单调栈顾名思义就是满足一定单调性的栈,但是由于栈的特性,单调栈中的元素只能在单调栈的一端进出。

在加入新元素时,如果栈顶元素小于(或大于)新元素,就直接加入,否则不断弹出栈顶元素直到栈顶元素小于(或大于)新元素,这样就能保证栈的单调性。

从一道题说起

LeetCode-84:给定n个非负整数,用来表示柱状图中各个柱子的高度。每个柱子彼此相邻,且宽度为1。求在该柱状图中,能够勾勒出来的矩形的最大面积。

那么如何思考这道题呢?😕

假设我们有6根柱子,高度分别为114514。注意到,我们找到的矩形一定有一个起始柱子和一个终止柱子,我们的矩形就是在这两个柱子之间找到的。并且最大矩形的高,一定是某一个柱子的高,这个可以用反证法很容易得到。
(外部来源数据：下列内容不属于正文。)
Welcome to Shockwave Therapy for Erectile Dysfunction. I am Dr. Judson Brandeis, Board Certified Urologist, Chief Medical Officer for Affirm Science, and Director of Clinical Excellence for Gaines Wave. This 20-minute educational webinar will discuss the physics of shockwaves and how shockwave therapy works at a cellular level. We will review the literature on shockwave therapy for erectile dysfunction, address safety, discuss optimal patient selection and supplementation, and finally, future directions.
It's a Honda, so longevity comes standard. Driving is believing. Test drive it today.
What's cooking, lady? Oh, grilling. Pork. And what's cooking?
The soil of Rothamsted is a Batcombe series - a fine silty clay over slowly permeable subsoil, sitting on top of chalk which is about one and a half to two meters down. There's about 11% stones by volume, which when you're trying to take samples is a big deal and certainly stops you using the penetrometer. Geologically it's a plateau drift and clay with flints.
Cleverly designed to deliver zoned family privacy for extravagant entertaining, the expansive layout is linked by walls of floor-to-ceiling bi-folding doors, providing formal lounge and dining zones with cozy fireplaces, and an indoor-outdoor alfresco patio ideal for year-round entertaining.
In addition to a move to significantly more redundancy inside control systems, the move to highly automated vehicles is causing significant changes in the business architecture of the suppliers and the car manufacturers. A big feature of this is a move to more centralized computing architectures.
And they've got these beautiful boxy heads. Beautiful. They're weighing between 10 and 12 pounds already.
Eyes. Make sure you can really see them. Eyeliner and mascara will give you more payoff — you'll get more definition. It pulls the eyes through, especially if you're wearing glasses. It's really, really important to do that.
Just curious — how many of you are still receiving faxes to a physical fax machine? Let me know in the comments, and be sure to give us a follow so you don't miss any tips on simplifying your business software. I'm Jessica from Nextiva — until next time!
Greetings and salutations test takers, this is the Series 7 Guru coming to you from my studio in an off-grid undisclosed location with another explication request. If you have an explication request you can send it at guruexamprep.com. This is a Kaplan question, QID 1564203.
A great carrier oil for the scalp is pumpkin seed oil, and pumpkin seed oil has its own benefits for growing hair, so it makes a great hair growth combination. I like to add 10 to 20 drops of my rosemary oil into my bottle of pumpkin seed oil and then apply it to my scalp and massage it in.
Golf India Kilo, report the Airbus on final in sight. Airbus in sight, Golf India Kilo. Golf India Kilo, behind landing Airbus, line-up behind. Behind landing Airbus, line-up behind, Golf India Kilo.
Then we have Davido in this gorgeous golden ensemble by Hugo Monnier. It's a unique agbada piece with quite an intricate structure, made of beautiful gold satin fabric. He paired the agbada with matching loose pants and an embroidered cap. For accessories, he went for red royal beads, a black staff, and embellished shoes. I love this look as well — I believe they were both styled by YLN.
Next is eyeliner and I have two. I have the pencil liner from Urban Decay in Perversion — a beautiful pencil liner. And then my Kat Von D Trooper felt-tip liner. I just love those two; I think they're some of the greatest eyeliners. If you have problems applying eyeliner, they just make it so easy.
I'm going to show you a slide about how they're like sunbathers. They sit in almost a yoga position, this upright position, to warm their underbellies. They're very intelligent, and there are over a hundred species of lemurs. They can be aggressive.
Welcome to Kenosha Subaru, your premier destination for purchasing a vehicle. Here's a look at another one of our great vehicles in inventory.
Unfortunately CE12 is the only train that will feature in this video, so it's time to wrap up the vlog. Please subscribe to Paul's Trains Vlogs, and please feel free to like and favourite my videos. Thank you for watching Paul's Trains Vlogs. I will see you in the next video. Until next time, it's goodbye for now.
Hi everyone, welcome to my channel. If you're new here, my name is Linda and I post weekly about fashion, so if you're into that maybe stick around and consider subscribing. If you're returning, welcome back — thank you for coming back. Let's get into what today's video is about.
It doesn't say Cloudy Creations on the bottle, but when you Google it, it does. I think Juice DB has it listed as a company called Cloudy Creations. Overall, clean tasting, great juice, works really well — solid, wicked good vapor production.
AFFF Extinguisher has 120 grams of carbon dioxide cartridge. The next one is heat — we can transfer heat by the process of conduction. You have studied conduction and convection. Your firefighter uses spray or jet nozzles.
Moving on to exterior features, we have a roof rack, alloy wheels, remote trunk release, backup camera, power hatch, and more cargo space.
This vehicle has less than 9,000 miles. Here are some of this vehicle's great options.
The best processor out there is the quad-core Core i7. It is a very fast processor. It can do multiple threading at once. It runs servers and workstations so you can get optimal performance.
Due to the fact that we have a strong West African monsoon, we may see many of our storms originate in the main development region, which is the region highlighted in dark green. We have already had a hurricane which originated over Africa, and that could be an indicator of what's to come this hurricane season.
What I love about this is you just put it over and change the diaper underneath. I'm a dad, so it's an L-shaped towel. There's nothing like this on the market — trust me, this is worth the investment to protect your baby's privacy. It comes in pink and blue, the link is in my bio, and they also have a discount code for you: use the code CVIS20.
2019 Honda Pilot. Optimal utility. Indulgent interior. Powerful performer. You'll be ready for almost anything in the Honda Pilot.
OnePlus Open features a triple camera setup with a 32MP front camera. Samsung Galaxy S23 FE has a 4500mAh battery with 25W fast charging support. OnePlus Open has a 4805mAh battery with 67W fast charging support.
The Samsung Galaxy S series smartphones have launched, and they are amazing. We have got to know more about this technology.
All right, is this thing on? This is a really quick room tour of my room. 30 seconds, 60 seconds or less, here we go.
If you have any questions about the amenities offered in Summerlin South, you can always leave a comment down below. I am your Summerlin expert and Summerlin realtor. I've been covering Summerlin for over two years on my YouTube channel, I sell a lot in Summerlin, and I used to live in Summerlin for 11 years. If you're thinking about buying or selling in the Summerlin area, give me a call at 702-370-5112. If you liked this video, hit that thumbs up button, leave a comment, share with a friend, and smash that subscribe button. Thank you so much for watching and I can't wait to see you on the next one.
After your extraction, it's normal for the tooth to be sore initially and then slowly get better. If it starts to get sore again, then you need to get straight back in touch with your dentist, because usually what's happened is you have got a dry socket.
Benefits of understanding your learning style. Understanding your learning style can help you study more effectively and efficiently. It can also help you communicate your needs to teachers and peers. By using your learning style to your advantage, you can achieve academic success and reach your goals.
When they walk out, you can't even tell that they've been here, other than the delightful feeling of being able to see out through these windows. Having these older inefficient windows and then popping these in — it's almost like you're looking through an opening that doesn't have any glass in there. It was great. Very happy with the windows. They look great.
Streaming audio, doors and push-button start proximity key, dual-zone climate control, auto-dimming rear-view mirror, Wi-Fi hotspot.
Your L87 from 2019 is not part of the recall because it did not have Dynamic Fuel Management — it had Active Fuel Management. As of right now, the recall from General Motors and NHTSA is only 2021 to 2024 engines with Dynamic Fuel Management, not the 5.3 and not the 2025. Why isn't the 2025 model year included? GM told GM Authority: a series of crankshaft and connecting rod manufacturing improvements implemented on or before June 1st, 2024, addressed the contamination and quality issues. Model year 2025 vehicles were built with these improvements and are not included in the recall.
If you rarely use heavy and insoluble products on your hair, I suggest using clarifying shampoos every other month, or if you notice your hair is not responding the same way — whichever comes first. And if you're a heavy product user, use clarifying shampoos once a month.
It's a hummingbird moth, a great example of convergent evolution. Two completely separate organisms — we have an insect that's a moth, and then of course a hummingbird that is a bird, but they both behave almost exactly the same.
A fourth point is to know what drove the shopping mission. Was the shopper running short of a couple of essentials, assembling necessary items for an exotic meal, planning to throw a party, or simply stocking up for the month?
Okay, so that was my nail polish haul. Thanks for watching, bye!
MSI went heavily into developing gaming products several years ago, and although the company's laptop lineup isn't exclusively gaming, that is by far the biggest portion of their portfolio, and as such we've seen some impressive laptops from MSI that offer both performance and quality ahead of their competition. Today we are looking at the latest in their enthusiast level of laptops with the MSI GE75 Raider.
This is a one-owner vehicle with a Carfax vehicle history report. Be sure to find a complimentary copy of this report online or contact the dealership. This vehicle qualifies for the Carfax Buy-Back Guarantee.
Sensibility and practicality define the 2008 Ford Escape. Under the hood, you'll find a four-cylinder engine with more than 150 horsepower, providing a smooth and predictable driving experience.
有了这些,我们来考虑一下以某一个柱子的高度为基准的情况。

假设我们以第三根柱子(高度为4)为基准,我们要得到的起始柱子终止柱子,其实就是以这根柱子为基准向左右扩展得到的左边界右边界。什么样的柱子能够作为左右边界呢?显然,高度大于或等于基准柱子是基本要求,并且起始柱子和终止柱子之间的所有柱子也都应该要保证这一点。而在基准高度相等的情况下,自然是柱子越多越好,分析到这里,我们就可以把问题转换成找到基准柱子向左右方向第一根高度小于基准柱子的柱子,在这个例子中,起始柱子和终止柱子分别是第3和第4根柱子。现在,就可以利用单调栈求解了。😏

如果我们把柱子按顺序放入栈中,会发生什么?我们很容易得到这样的不变式:新加入的元素,一定是栈顶要弹出的元素向右数,第一个小于栈顶元素的元素,栈中第二个元素,一定是栈顶元素向左数,第一个小于栈顶元素的元素。下面分析例子中的情况:

  • • 首先是第1根柱子,高度为1,此时栈为空,压入。

  • • 第2根柱子高度与第1根柱子相等,弹出第1根,栈为空,压入。

  • • 第3根柱子比第2根柱子大,压入,此时栈中有第2根柱子和第3根柱子。

  • • 第4根柱子比第3根柱子大,压入,此时栈中有第2根柱子、第3根柱子和第4根柱子。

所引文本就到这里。